To evaluate the advantage of GMFTP in incorporating functional annotation into complex detection process, we compare its results with those of other approaches which also take functional property into consideration. A popular framework on this topic can be divided into two steps: to weight the strengths of interactions using some semantic similarity measures, and then to detect complexes from the weighted PPI networks using some graph clustering algorithms [2225]. The main difference between them lies in the different similarity measures and clustering algorithms they use. Since there is no public software available for these approaches, we design a heuristic comparison. We employ three widely used measures Jiang ([52], Kappa [53] and Lin [54]) to weight the PPI network and apply four algorithms (AP, ClusterONE, MCL and SPICi) which can handle weights to detect complexes.
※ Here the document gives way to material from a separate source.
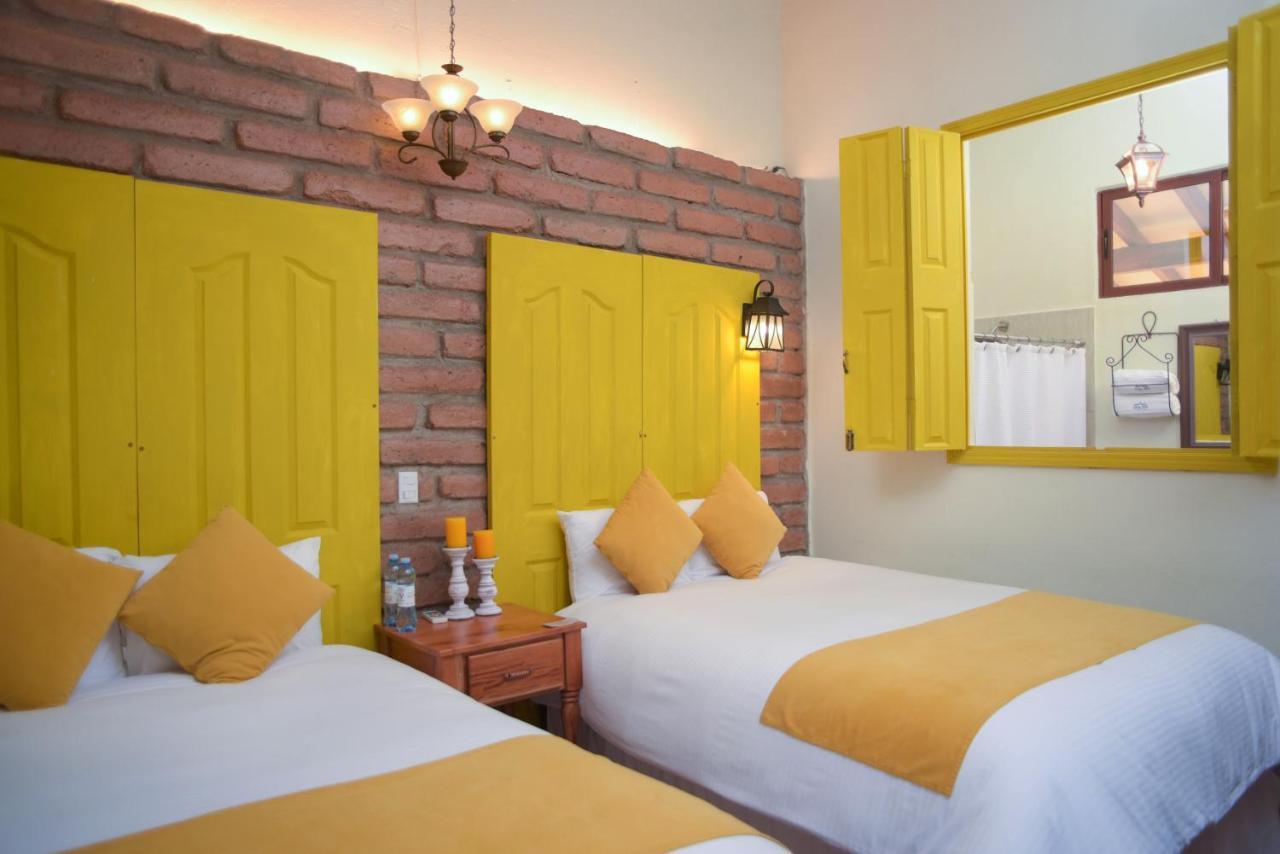 Casa 1800 Suchitoto Boutique Hotel Exterior photo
The package csbl.go [55] is used to calculate the similarities between proteins, and the weights of interactions which involve unannotated proteins are set to 1. The parameter settings of the clustering algorithms are presented in Additional file 1. We also compare GMFTP to COAN [34] which considers GO slim annotations by constructing an ontology augmented network.

Table 3 presents the comparative performance with ClusterONE using the total GO annotation with respect to the CYC2008 reference. The results of the three individual subontologies (BP, CC and MF), the other four clustering algorithms (AP, COAN, MCL and SPICi) and the SGD gold standard are reported in Additional file 2. For each clustering algorithm (AP, ClusterONE, MCL and SPICi), the performance differs a little with different GO similarity measures; and for each semantic measure (Jiang, Kappa and Lin), the relative performance changes depending on the clustering algorithm and the PPI network under consideration. We also find that the relative performance of each clustering algorithm and each semantic measure depends on the functional property of each subontology individually, which indicates that there is no single clustering algorithm and semantic measure that can dominate the rest in all cases. Overall, GMFTP and ClusterONE are competitive. In some cases, ClusterONE with deliberately selected semantic measure may obtain higher ACC scores than GMFTP. However, GMFTP outperforms ClusterONE in terms of the MMR and PR scores. For the Collins, Gavin and BioGRID networks, SPICi achievers better performance than GMFTP using the PR score under some circumstances, but GMFTP is superior to SPICi using the other three evaluation scores. What is more, GMFTP achieves the best MMR score which is a new evaluation measure recommended in [17] in most cases. These results demonstrate that GMFTP is an effective approach that can make full use of the topological and functional properties for protein complex identification.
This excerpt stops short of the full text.